NJJN on-line Greater Middlesex County Feature

Educator brings a magic touch to event on faith and spirituality

Harry Houdini may have been a rabbi’s son, but many would agree that there’s nothing particularly Jewish about stage magic.

And yet to Arthur Kurzweil, that’s just, well, an illusion.

The author and Jewish educator thinks both magic and Judaism require a faith in the unknown and an inquisitive and open mind. (And that’s not even to mention the Jewish prestidigitators who left their mark on the craft.)

“When I perform magic, the theme is always concerning questions of how the mind works, how do we perceive the world, what does it mean to truly see,” said Kurzweil. “What if our first step in learning how to see, to really see, is to know that we don’t see everything?”

Kurzweil demonstrated his innovative exploration of “eternal Jewish spiritual ideas” at a Jan. 7 program, “Searching for God in a Magic Shop,” at the Jewish Community Center of Middlesex County in Edison.

As Kurzweil performed tricks with a deck of cards, numbers, and postage stamps, he tied each into a discussion about a concept in Torah, Talmud, or Jewish history.

He also presented the audience with an overview of the Jewish influence on stage magic. While Jewish tradition frowns on magic and wizardry, rabbinic law permits sleight of hand as long as the entertainers make no claims about having special powers.

Even the most famous phrase in stage magic — “abracadabra” — has Jewish roots. Kurzweil said the incantation is a corruption of the Aramaic phrase avra k’dabra, meaning “I will create as I speak” and was probably a reference to God’s great “trick” of creating the universe.

And of course there was Houdini, born Ehrich Weiss, the son of a Hungarian rabbi who brought his family to Appleton, Wis. The famed escape artist is “buried in a Jewish cemetery in Queens,” said Kurzweil.

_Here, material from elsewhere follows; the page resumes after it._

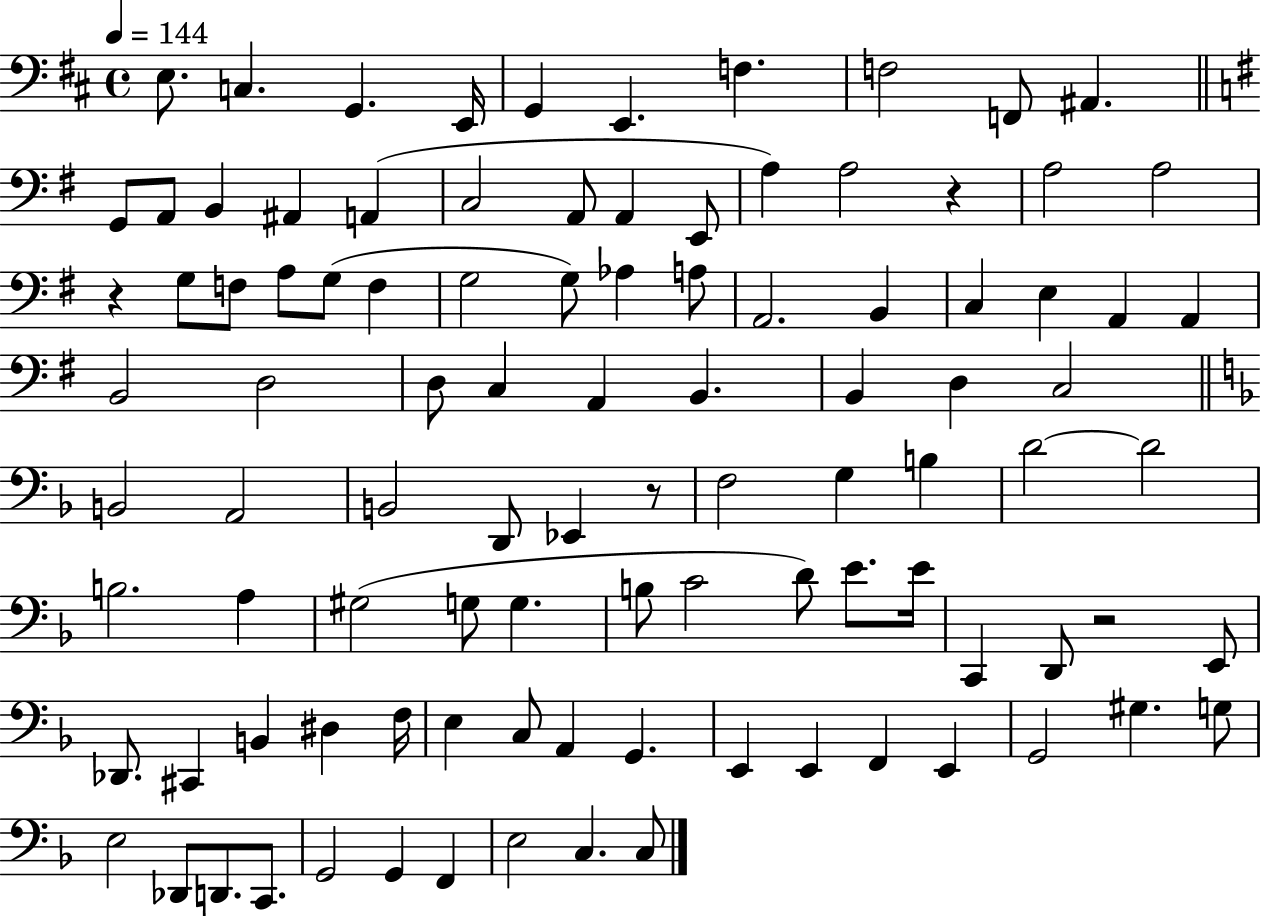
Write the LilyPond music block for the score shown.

A member of the Society of American Magicians — founded by Houdini — and the International Brotherhood of Magicians, Kurzweil has written for the journal Genii: The Conjurers’ Magazine.

He said he has been interested in magic since his father took him to a store to purchase a costume for his third-grade play and he spotted some magic tricks on the counter.

As a Jewish educator, Kurzweil is the author or editor of 30 books, including The Encyclopedia of Jewish Genealogy, Kabbalah for Dummies, and the recently published On the Road with Rabbi Steinsaltz, about his friendship with renowned talmudist Adin Steinsaltz.

Kurzweil’s Jewish and magical sides combined as he discussed one of his favorite books, Steinsaltz’s The Thirteen Petalled Rose. As he explained Steinsaltz’s thoughts on the different levels of angels in the four kabalistic worlds and how the mitzvot we do create and energize them, Kurzweil called up Jennine Shpigel, the JCC’s director of Jewish and family programming.

While a copy of the Steinsaltz book — sealed in a plastic bag “to prevent fingerprint smudges” — was being circulated through the audience, Kurzweil asked Shpigel to select a card from a deck he was shuffling. She chose the four of hearts, which Kurzweil held up for the audience to see. He then asked the audience member who had the bag to unseal it and remove the book and shake it. Out dropped the four of hearts.

Eleven-year-old Jacob Siegel of East Brunswick was impressed. “It’s really cool and interesting to find out how magicians do things,” he said. “It’s tempting to try and figure out how they do it.”

For Kurzweil, however, knowing the secret behind a trick or illusion would strip it of its magical properties, just as fully understanding the workings of God would eliminate the need for faith.

“We are told if we study Torah and Talmud everything is in there,” said Kurzweil. “It’s a thoughtful idea. Everything is for the best, but we don’t see everything.”